Im April letzten Jahres wurde der Friedensvertrag unterzeichnet, der die Kriegshandlungen in Angola beendete. Sowohl die größte Oppositionsgruppe UNITA (Nationalunion für die völlige Unabhängigkeit Angolas) als auch die Regierung hatten im Krieg Kindersoldaten eingesetzt. Nach Schätzungen von Kinderrechtsgruppen nahmen in den letzten Kriegsjahren bis zu 11.000 Kinder an den Kämpfen teil. Einige Kinder erhielten Ausrüstung und ein Waffentraining und kämpften aktiv. Viele andere waren Träger, Köche, Spione und Hilfsarbeiter.

„Diese Jungen und Mädchen sind zweifache Opfer.

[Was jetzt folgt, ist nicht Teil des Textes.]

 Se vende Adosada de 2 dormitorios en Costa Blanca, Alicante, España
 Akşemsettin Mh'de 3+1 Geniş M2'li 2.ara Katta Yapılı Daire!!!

Zuerst wurden sie als Soldaten ihrer Kindheit beraubt und jetzt wird ihnen der Zugang zu den Demobilisierungsprogrammen der Regierung verweigert“, sagte Tony Tate, Researcher in der Abteilung für Kinderrechte von Human Rights Watch. „Vor allem die Mädchen werden im Nachkriegs-Angola vergessen.“

Ein Jahr nach dem Ende des Konflikts in Angola wurden einige Soldaten der UNITA, die 18 Jahre oder älter sind, in die nationale angolanische Armee und Polizei integriert. Andere wurden durch ein nationales Programm demobilisiert und erhielten Unterstützungsgelder. Den Kindersoldaten, von denen viele die selben Aufgaben durchgeführt haben wie Erwachsene, wird diese Unterstützung jedoch vorenthalten.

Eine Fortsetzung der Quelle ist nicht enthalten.